Safe Browsing API

Safe Browsing Lookup API Developer's Guide

The Google Safe Browsing Lookup API is an experimental API that allows applications to check URLs against Google's constantly-updated lists of suspected phishing and malware pages.

In addition to providing some background on the capabilities of the Safe Browsing API, this document provides examples for interacting with the API by sending HTTP messages to perform lookups. This document also includes information about the HTTP response code and suggestions for debugging error codes.

Contents

  1. Overview
  2. Getting started
  3. A Quick Example
    1. Using GET Method
    2. Using POST Method
  4. Protocol Specification
    1. HTTP GET Request
      1. Request URL
      2. Response Code
      3. Response Body
    2. HTTP POST Request
      1. Request URL
      2. Request Body
      3. Response Code
      4. Response Body
  5. Acceptable Usage in Clients
    1. Usage Restrictions
    2. End-User Visible Warnings
  6. Report Incorrect Data
    1. Report Phishing URLs
    2. Report Phishing Errors
    3. Report Malware URLs
    4. Report Malware Errors
  7. References
  8. Appendix
    1. R-BNF

Overview

The Safe Browsing Lookup API is designed to provide a simple interface for the applications that just want to query the state of URLs, do not mind sending the URL to Google, and are willing to accept the latency implied by a network roundtrip. Using the Lookup API, clients simply query the URL(s) through HTTP GET or POST request and get the state of the URL(s) directly from the server.

Getting Started

First you need to request an API key, which will authenticate you as an API user. In order to obtain an API key, you must have a Google account. You may create a Google account or log in with your existing Google account and sign up for the API at http://www.google.com/safebrowsing/key_signup.html

Please note that if you violate the requirements detailed in the Acceptable Usage in Clients section, your key may be disabled for a period of time.

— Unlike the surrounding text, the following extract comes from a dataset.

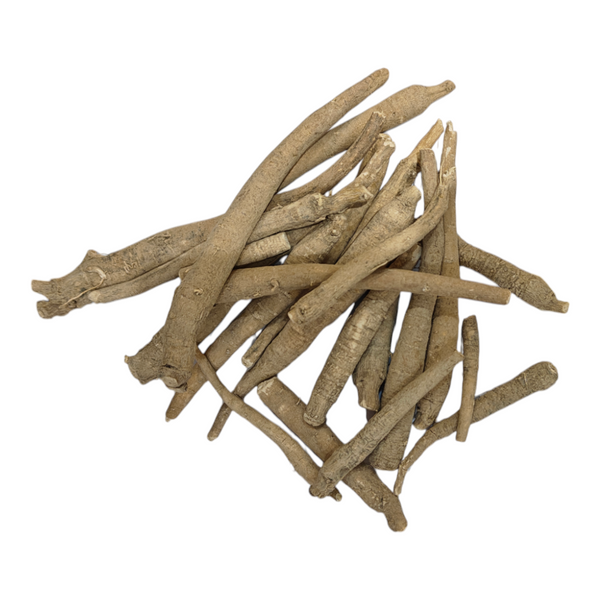 Ashwagandha Roots Whole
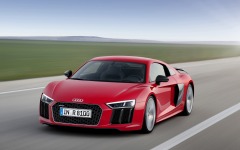 Desktop wallpaper. Audi. ID:51932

Next you need to choose either the GET or POST method to perform your lookup. The GET method is simple, but you can query only one URL per request and you need to encode the URL to be looked up yourself. The POST method allows the client to specify up to 500 URLs in the POST body per request and does not require the API user to encode the URLs in the request body.

A Quick Example

We will use a quick example to show how the lookup API works.

Using GET Method

Client's request URL:

https://sb-ssl.google.com/safebrowsing/api/lookup?client=demo-app&apikey=12345&appver=1.5.2&pver=3.0&url=http%3A%2F%2Fianfette.org%2F

Server's response code:

200

Server's response body:

malware

Using POST Method

Client's request URL:

https://sb-ssl.google.com/safebrowsing/api/lookup?client=firefox&apikey=12345&appver=1.5.2&pver=3.0

Client's request Body:

2
http://www.google.com/
http://ianfette.org/

Server's response code:

200

Server's response body:

ok
malware

In this example, the server responses with the state of the queried URLs one by one in the response body, in the same order as in the request.

Protocol Specification

HTTP GET Request

The API user can perform the lookup through a simple HTTP GET request. In this way, the client can only lookup one URL per request.

Request URL

The API user performs a GET request by sending the following URL:

https://sb-ssl.google.com/safebrowsing/api/lookup?client=CLIENT&apikey=APIKEY&appver=APPVER&pver=PVER&url=URL

Required CGI parameters:

  • The client parameter indicates the type of client, it could be any name of the client’s choice. However, we suggest the name you choose represents the true identity of the client, e.g. “firefox” or “facebook”.
  • The appver parameter indicates the version of the client, e.g. "1.5.2".
  • The apikey parameter indicates your API key.
  • The pver parameter indicates the protocol version that the client supports. Currently this should be "3.0". The format is "major.minor". If we update the protocol, we will make sure that minor revisions are always compatible; however major revision will be incompatible and the server MAY NOT be able to cope with an older protocol.
  • The url parameter indicates the url the client wants to lookup. It must be a valid URL (non ASCII characters must be in UTF-8) and needs to be encoded properly to avoid confusion. For example, if the url contains '&', it could be interpreted as the separator of the CGI parameters. We require the API users to use the percent encoding for the set of "reserved characters", which is defined in RFC 3986 . A summary of the percent encoding can be found here.

Formal R-BNF description:

CLIENT  = (LOALPHA | "-")+
APIKEY = (ALPHA | DIGIT)+
APPVER = DIGIT ["." DIGIT]
PVER = 3 "." DIGIT
URL = valid URL string following the RFC 1738

Response Code

The server generates the following HTTP response codes for the GET request:

  • 200: The queried URL is either phishing, malware or both, see the response body for the specific type.
  • 204: The requested URL is legitimate, no response body returned.
  • 400: Bad Request — The HTTP request was not correctly formed.
  • 401: Not Authorized — The apikey is not authorized
  • 503: Service Unavailable — The server cannot handle the request. Besides the normal server failures, it could also indicate that the client has been “throttled” by sending too many requests

Possible reasons for the Bad Request (HTTP code 400):

  • Not all the required CGI parameters are specified
  • Some of the CGI parameters are empty
  • The queried URL is not a valid URL or not properly encoded

Response Body

For a GET request, the server will include the actual type of URL in the response body when the queried URL matches either the phishing or malware lists (i.e. response code =200):

GET_RESP_BODY = “phishing” | “malware” | “phishing,malware”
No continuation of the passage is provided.